● Information:
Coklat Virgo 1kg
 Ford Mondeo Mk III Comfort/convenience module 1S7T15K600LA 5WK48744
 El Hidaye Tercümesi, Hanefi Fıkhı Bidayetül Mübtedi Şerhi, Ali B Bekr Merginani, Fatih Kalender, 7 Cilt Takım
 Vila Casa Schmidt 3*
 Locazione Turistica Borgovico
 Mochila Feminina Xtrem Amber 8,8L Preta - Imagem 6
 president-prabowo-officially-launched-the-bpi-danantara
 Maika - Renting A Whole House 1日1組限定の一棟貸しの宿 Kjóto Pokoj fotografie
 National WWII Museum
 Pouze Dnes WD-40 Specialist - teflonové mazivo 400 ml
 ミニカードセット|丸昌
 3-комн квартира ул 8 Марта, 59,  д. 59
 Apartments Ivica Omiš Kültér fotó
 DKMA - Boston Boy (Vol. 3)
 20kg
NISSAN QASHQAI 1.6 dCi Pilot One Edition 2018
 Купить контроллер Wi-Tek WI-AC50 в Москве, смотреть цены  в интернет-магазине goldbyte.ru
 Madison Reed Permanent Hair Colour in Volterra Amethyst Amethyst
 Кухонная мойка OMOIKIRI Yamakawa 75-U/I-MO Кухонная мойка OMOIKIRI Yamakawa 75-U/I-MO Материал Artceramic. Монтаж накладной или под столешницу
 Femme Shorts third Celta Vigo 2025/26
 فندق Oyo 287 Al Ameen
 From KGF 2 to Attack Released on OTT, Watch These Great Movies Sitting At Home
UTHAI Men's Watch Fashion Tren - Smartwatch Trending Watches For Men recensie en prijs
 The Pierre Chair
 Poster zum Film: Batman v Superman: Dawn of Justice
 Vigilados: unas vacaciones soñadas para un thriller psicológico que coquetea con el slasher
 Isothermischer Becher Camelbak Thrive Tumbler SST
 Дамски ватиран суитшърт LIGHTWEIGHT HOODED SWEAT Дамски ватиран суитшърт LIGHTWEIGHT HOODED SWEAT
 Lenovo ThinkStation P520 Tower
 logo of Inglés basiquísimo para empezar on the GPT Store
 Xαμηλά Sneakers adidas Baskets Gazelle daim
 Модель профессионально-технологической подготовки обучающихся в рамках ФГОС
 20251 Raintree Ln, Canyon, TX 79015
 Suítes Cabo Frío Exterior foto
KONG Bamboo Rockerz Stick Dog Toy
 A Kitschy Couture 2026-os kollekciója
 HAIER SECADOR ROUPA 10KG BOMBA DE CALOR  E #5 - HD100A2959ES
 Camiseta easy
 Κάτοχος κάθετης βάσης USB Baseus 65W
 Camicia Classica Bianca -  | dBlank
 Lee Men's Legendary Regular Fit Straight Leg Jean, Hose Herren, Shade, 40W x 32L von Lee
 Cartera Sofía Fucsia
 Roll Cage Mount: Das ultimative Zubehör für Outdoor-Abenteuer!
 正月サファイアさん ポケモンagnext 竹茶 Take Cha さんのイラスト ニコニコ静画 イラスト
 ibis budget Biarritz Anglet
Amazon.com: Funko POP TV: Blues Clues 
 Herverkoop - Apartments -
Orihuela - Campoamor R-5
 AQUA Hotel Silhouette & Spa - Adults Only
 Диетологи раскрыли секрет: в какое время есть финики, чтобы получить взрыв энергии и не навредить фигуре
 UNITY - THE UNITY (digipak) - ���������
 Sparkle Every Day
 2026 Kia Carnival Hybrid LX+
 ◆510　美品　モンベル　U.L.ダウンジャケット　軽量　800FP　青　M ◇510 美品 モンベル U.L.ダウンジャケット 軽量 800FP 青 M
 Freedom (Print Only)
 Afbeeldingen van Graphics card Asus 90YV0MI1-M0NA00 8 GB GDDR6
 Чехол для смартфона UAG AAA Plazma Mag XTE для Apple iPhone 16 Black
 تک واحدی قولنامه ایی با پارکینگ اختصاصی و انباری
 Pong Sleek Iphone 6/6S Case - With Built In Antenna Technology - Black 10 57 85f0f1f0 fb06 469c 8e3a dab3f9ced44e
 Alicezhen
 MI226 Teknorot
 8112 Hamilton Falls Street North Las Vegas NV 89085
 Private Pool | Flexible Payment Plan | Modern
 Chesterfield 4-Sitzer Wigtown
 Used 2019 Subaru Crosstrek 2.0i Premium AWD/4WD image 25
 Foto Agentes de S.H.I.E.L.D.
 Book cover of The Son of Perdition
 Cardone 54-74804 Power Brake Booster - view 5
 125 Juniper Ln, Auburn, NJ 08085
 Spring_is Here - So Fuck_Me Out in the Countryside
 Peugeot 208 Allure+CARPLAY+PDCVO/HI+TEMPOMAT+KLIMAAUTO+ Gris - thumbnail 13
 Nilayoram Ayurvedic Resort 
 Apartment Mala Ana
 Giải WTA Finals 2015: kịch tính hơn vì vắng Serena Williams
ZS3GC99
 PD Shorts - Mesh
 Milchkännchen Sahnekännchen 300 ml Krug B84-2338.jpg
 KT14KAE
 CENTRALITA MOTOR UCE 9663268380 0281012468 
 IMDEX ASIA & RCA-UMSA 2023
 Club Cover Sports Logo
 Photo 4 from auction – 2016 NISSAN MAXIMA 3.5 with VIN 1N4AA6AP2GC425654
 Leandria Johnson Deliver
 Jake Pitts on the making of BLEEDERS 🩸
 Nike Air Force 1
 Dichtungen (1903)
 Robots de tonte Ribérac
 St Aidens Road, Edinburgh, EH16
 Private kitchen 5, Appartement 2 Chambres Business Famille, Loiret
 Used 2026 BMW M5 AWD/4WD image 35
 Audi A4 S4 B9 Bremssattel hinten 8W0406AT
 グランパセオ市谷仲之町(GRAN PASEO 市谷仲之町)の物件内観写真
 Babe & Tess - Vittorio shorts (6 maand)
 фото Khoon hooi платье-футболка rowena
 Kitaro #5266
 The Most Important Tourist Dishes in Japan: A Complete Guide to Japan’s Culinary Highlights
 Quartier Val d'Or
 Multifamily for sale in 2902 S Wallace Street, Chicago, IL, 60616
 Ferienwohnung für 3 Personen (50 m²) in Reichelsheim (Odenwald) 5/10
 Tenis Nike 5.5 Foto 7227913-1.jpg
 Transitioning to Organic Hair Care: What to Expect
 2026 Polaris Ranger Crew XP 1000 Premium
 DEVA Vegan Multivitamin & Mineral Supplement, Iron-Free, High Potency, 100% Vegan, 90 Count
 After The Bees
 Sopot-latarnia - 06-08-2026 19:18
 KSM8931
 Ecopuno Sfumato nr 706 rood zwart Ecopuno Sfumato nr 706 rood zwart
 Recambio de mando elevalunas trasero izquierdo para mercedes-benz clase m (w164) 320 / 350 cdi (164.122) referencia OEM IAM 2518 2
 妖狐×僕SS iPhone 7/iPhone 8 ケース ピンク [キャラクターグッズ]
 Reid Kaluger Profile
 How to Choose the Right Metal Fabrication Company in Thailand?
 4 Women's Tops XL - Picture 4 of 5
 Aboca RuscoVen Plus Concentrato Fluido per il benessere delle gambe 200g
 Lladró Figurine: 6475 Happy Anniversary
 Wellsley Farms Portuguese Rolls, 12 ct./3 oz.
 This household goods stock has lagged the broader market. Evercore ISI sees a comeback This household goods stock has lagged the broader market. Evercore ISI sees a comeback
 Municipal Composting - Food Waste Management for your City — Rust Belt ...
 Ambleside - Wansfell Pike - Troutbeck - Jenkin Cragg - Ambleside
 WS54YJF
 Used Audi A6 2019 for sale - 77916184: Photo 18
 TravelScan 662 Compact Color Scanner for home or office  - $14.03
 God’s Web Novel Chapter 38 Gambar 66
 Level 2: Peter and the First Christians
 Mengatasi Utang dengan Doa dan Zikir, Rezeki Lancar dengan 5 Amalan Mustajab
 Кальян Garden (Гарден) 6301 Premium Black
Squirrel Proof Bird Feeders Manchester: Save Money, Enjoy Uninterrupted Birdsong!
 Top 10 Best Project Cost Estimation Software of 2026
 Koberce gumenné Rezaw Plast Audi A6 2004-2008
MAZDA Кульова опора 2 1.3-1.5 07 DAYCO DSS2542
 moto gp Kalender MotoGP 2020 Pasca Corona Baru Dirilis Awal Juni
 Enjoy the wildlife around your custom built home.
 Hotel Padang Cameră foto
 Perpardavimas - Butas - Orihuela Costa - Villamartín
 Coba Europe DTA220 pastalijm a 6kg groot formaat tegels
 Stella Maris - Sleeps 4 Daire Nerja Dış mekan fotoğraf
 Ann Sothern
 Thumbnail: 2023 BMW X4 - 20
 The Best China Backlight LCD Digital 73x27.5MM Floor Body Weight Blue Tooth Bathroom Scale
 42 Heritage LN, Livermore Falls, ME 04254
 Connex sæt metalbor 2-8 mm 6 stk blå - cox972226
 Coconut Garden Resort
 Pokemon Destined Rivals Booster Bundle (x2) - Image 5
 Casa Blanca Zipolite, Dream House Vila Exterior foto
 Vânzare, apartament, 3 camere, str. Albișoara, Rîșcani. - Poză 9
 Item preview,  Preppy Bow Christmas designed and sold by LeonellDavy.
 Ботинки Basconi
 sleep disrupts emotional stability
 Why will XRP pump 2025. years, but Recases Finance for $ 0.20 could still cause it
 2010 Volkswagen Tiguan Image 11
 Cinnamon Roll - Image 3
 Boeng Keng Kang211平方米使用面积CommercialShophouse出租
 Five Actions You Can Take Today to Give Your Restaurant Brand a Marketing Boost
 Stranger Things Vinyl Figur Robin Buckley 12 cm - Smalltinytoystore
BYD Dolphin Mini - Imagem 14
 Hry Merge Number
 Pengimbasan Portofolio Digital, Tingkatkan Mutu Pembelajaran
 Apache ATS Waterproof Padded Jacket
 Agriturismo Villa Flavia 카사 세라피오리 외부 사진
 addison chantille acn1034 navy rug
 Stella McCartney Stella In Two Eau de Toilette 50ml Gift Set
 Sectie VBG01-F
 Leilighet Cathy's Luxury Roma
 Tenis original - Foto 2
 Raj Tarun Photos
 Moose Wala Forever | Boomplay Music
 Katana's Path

● Required action: Extract each line from the entries above that contains the string "Imagem".

● Written answer:
 Mochila Feminina Xtrem Amber 8,8L Preta - Imagem 6
BYD Dolphin Mini - Imagem 14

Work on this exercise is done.